Problem to solve — Transcribe the stretch of entries below from the line with "Conjunto Infantil Feminino, Moletinho" through the line with "GRILL M5 NERKI", exactly and with both ends included; leave out all other lines.

Data for the task —

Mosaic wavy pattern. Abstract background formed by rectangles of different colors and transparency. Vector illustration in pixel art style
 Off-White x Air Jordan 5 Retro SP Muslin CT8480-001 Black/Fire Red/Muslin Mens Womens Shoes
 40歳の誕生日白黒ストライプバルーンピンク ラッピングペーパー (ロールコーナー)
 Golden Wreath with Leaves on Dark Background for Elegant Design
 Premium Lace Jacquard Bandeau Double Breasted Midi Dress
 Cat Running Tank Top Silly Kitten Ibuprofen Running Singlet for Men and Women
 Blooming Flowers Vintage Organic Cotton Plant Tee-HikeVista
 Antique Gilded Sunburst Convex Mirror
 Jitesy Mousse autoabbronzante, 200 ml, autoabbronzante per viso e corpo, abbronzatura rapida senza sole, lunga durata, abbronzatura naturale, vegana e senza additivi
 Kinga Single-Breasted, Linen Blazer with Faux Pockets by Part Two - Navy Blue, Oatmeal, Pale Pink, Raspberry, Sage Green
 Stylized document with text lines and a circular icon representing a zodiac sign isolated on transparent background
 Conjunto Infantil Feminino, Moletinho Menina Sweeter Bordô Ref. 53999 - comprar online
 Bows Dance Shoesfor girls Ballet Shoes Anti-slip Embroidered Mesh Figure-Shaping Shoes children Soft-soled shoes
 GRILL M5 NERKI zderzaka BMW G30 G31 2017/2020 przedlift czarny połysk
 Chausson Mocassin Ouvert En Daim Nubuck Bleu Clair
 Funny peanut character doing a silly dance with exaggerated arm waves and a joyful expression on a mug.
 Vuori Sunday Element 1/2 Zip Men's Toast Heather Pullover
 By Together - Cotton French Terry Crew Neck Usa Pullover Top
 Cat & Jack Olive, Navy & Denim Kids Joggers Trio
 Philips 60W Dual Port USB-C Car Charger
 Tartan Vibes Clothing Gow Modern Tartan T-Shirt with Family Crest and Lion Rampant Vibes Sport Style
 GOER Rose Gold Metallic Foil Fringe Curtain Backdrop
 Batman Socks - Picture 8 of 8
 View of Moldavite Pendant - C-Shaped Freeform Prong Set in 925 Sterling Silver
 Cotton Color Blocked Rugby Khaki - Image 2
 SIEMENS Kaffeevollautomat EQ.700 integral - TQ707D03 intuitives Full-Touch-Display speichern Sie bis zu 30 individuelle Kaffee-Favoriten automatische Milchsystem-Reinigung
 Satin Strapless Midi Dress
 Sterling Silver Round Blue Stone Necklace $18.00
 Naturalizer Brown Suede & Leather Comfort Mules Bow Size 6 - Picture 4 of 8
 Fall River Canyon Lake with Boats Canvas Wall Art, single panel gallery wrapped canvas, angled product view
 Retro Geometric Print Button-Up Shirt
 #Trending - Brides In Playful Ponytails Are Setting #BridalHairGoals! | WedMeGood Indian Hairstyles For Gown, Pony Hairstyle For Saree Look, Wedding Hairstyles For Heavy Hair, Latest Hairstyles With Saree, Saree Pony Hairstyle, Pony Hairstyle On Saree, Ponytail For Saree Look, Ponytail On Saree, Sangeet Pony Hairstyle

Task answer —
 Conjunto Infantil Feminino, Moletinho Menina Sweeter Bordô Ref. 53999 - comprar online
 Bows Dance Shoesfor girls Ballet Shoes Anti-slip Embroidered Mesh Figure-Shaping Shoes children Soft-soled shoes
 GRILL M5 NERKI zderzaka BMW G30 G31 2017/2020 przedlift czarny połysk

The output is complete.